So it all comes down to this - two former WHA teams meeting in the finals for the first time. Remarkable when you
think about it. Edmonton played in five out of ten Stanley Cup final
series in the 1980s and didn't once meet Hartford. Of course as it turned
out, the Whalers never made it to the finals until they were relocated to North
Carolina and not until they re-acquired the man they never should have traded
away in the first place (Ron Francis). The last season NHL hockey was
played these two teams didn't even qualify for the post season. Are you
liking the New NHL yet? I know I am.
STANLEY CUP FINAL
Carolina Hurricanes vs Edmonton Oilers
Season Series: Did not play (further
proof of why the NHL scheduling has to change)
When a team makes it to this point of the
season, it starts to show. Lucky for Edmonton, they were able to survive a
flu bug and get some much needed rest. It didn't help a lot of teams this
year to have an extended break, but this is also the Stanley Cup finals.
If they haven't already done so, both teams are going to fight like mad and
sacrifice the body for at least four more games - all for the right to hoist the
hardest trophy to win in all of sports.
Carolina will come into this final series
having played one more game than Edmonton and having won more games on the road
than at home. As you get into the later rounds, however, home ice truly is
an advantage. The prime example of this was in the Eastern Conference
final during the last 3 games, especially in Game 7. It was almost as if
the crowd in Raleigh was responsible for the winning goal.

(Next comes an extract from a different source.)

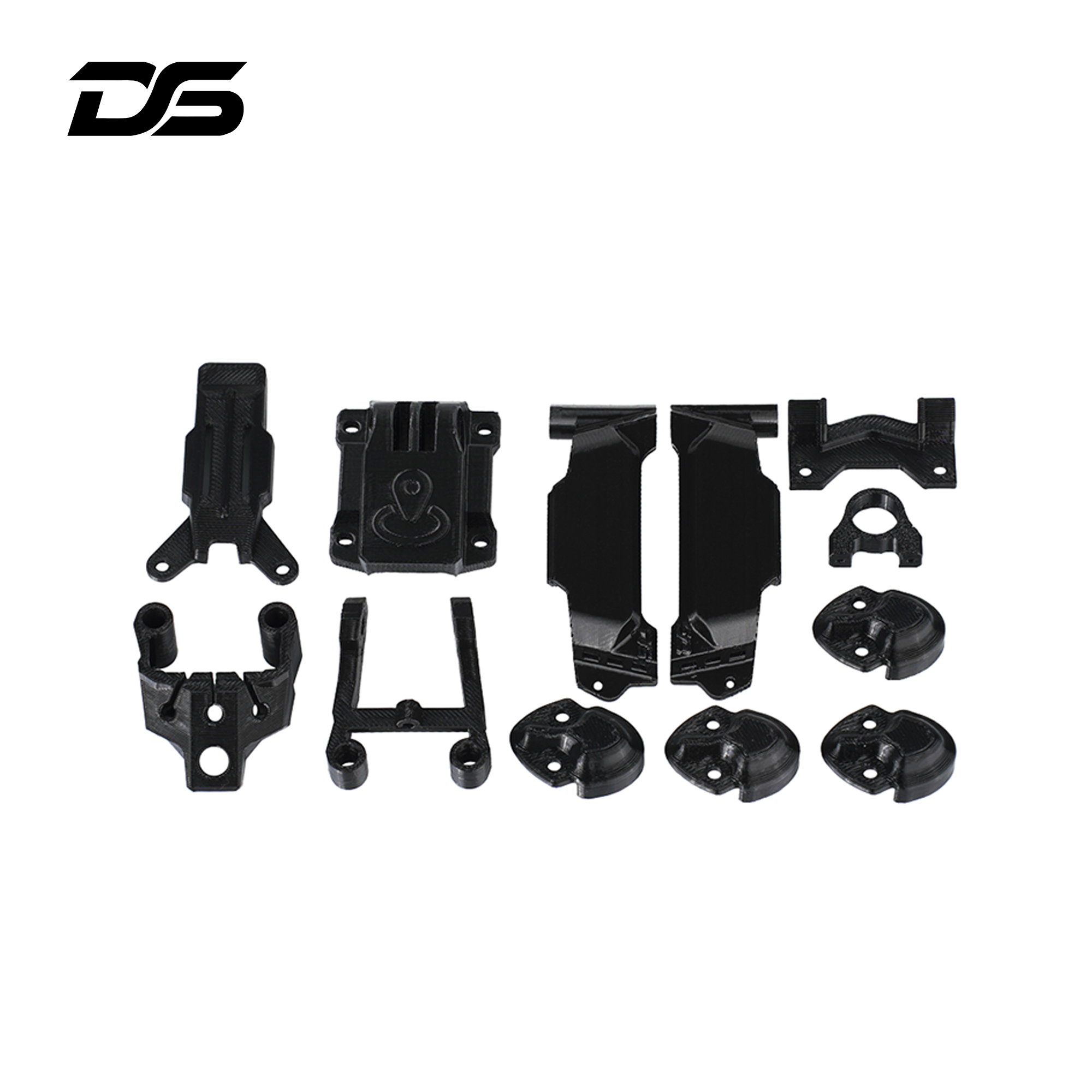 Replacement parts 3D Printed T - Drone Gps Mount reseña y precio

Home ice has been particularly kind to
Edmonton, especially in the second round against San Jose. The Oilers have
only lost 2 games at home throughout the entire playoffs, and have continued
their excellent play on the road, especially in the Western Conference final
against Anaheim, where they won all three games played at the Arrowhead Pond.

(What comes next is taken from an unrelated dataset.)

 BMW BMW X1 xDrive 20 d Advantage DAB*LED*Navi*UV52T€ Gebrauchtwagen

The finals this year are, as always, a
testament to veteran leadership. There are several players on both sides
who have been this far before only to skate away empty handed. Rod Brind'Amour, Glen Wesley, Michael Peca, Dwayne Roloson are but a few. Doug
Weight and Chris Pronger have been close but are playing in their first ever
Of course, you don't get to this point of
the season without a few surprises. Cam Ward is undoubtedly the biggest
surprise on Carolina's end, while Fernando Pisani and Shawn Horcoff have been
the big stars on Edmonton's end.
I very much like how this series will
feature the speed and finesse this game is meant to showcase, I like how for the
most part the referees have not put the whistles away, and I like the fact we
are not seeing the same old teams fight it out for hockey supremacy. I
particularly liked how the supposed "big four" teams either didn't make it in
this year, or were eliminated early. If you like parity I hope you've been
paying attention to this year's playoffs.
This series will come down to special teams,
plain and simple. If the Oilers are to win, they have to keep up their
stellar penalty killing, and most importantly stay disciplined. The
Hurricanes may not have the best power play of the entire playoffs, but they
have the ability to make teams pay for an infraction of the rules at the most
inopportune time (or opportune depending on who's side you're on). Chris
Pronger has been as disciplined as I've ever seen, and has really set the tone
on the ice. What the Oilers need to do is stifle the offense the same way
they have so far. In round one it was Pavel Datsyuk, Henrik Zetterberg,
Nicklas Lidstrom and Steve Yzerman. In round two it was Joe Thornton and
Jonathan Cheechoo. Round three - Teemu Selanne and Joffrey Lupul. In
the finals they will have to keep check with Brind'Amour, Weight, Eric Staal and
The biggest key will be in goal. While
Carolina has rotated between Martin Gerber and Cam Ward, I'm not sure if either
one of them can match Dwayne Roloson. Without him Edmonton would have been
done in the first round, guaranteed. He has faced at least 35-45 shots per
game and is usually one save better than the other goalie - the very thing Kevin
Lowe was looking for on trade deadline day.
The Hurricanes have been to the finals once
before, and lost in five games to the once mighty Detroit Red Wings. As
for the Oilers, forget about it - there's a tradition to uphold here. They
don't call Edmonton the "City of Champions" for nothing. The way this
season has unfolded, it's 1990 all over again.
In as little as eight days or as long as two
weeks from now, the first champion of the new NHL will be crowned. If
history has any say in it, it will be yet another storybook ending for the
Edmonton Oilers and a sixth Stanley Cup.